Exercise details
Print exactly the lines of the listing below from the one containing "<b>Radisson Hotel Trinidad" through the final line, both included, and no pictures.

Provided data
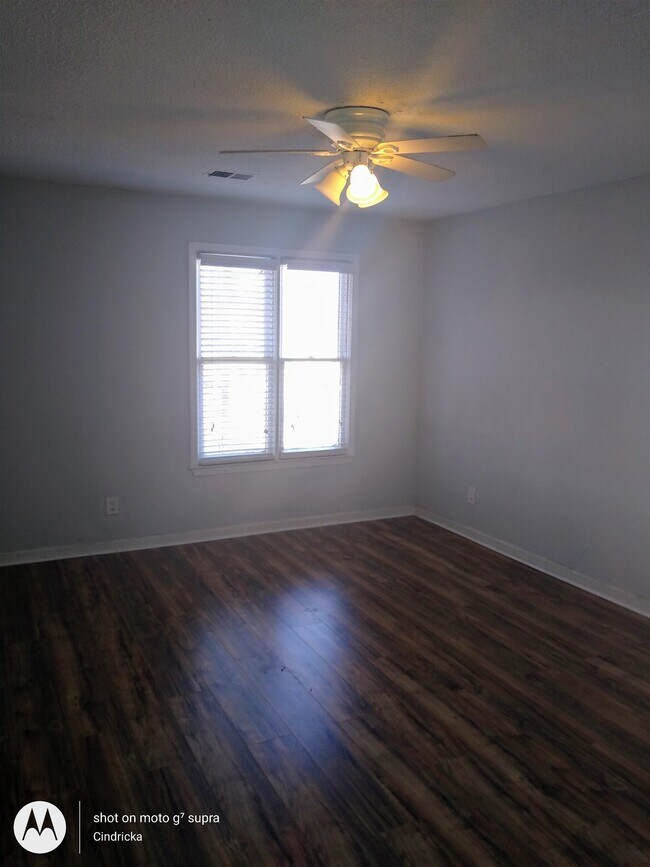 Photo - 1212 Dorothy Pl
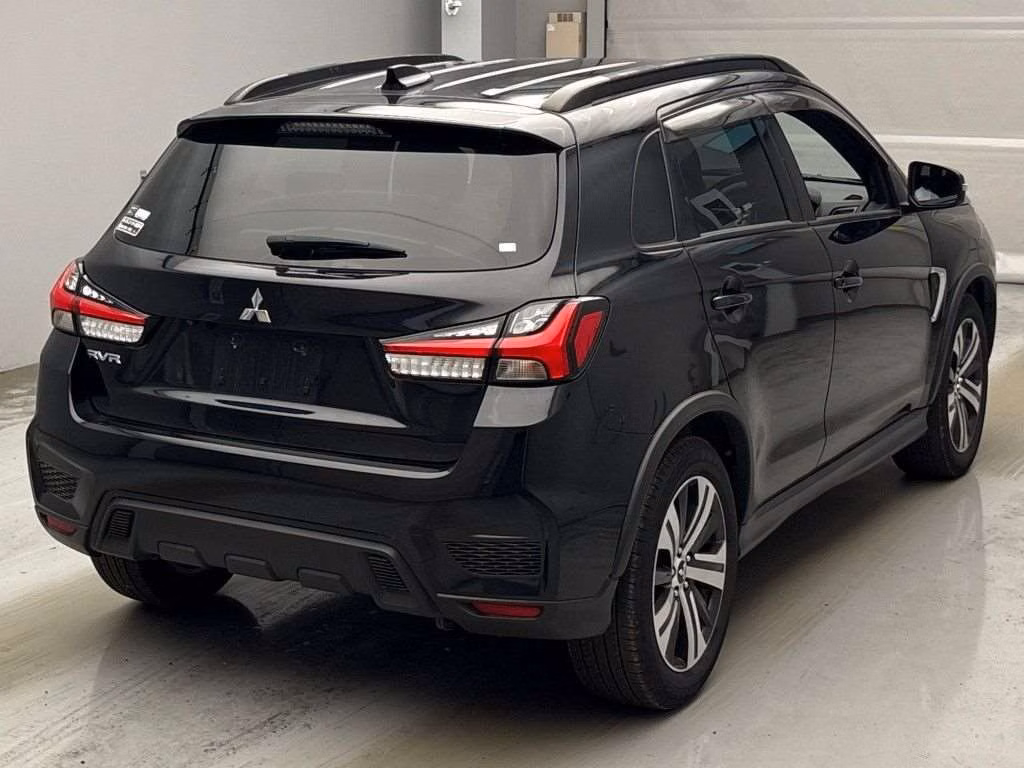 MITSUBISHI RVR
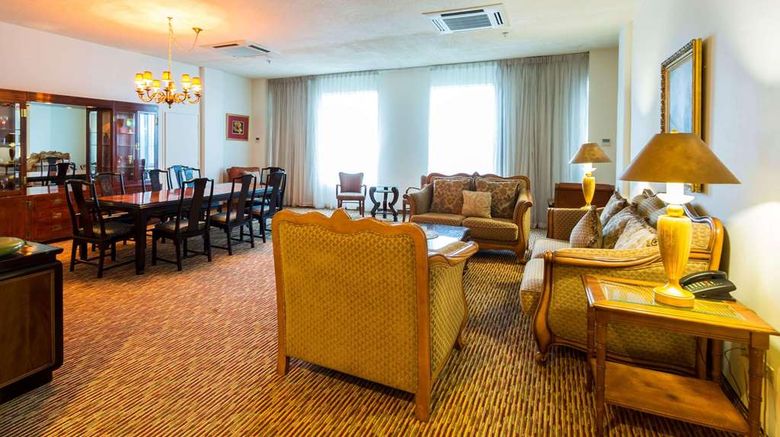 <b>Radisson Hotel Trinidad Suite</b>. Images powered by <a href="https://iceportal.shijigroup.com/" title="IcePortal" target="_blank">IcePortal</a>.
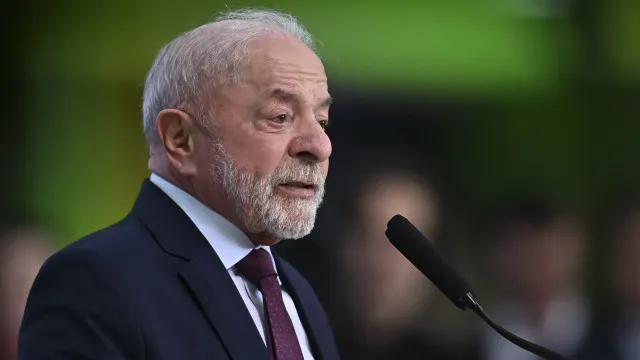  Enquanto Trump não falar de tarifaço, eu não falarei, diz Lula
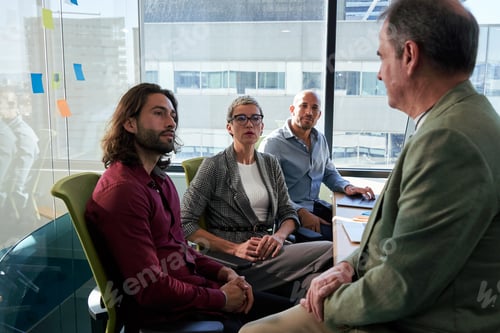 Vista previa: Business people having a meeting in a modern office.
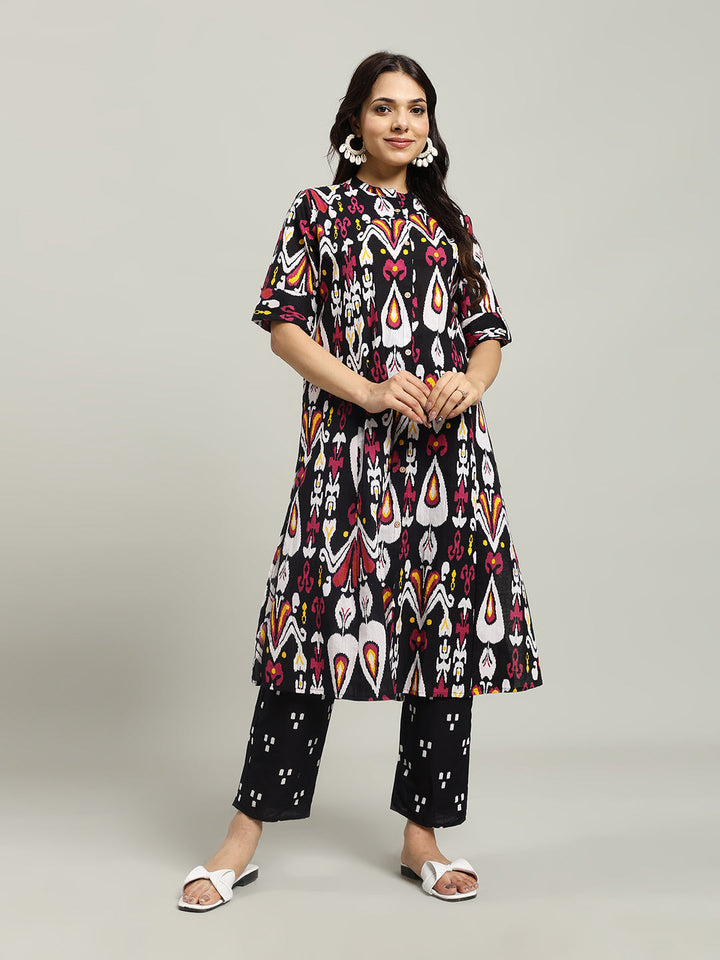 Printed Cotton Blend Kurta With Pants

Output for this task
 <b>Radisson Hotel Trinidad Suite</b>. Images powered by <a href="https://iceportal.shijigroup.com/" title="IcePortal" target="_blank">IcePortal</a>.
  Enquanto Trump não falar de tarifaço, eu não falarei, diz Lula
 Vista previa: Business people having a meeting in a modern office.
 Printed Cotton Blend Kurta With Pants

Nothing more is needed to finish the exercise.